>>>>

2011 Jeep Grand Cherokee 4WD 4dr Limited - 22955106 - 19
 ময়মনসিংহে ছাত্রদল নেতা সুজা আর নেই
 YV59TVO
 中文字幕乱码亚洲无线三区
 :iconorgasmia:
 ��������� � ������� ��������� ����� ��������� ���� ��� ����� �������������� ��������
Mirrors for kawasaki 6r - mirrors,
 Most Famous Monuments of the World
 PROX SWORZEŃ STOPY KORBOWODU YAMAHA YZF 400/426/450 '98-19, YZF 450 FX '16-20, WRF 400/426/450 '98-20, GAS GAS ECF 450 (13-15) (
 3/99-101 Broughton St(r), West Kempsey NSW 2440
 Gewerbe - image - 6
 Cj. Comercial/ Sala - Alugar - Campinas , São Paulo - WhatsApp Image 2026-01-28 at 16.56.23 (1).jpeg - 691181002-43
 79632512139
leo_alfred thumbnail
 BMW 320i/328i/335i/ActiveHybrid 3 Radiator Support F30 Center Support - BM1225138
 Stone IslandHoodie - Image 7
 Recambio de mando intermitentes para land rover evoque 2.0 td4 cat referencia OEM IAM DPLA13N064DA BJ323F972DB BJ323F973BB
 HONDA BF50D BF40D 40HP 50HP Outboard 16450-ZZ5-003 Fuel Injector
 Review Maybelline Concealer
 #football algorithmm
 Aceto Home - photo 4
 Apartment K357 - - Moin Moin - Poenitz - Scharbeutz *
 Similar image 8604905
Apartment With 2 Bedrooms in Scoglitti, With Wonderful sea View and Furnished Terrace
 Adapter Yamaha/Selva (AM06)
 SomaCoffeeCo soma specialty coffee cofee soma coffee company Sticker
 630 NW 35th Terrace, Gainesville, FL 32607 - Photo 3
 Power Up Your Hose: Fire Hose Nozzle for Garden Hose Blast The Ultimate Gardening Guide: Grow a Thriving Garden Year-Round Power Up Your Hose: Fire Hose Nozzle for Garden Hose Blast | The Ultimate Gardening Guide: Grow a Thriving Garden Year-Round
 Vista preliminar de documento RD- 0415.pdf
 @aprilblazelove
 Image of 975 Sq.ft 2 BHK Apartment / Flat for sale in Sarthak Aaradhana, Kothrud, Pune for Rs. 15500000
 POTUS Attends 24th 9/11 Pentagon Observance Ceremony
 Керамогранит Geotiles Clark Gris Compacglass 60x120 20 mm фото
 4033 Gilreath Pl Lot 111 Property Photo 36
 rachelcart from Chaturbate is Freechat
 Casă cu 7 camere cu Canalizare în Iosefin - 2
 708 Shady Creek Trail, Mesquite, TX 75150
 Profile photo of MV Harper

<<<<

■ **TO DO**:
Only the lines from the beginning of the material to the line containing "PROX SWORZEŃ STOPY" should be echoed, verbatim and in full.

■ **RESULT**:
2011 Jeep Grand Cherokee 4WD 4dr Limited - 22955106 - 19
 ময়মনসিংহে ছাত্রদল নেতা সুজা আর নেই
 YV59TVO
 中文字幕乱码亚洲无线三区
 :iconorgasmia:
 ��������� � ������� ��������� ����� ��������� ���� ��� ����� �������������� ��������
Mirrors for kawasaki 6r - mirrors,
 Most Famous Monuments of the World
 PROX SWORZEŃ STOPY KORBOWODU YAMAHA YZF 400/426/450 '98-19, YZF 450 FX '16-20, WRF 400/426/450 '98-20, GAS GAS ECF 450 (13-15) (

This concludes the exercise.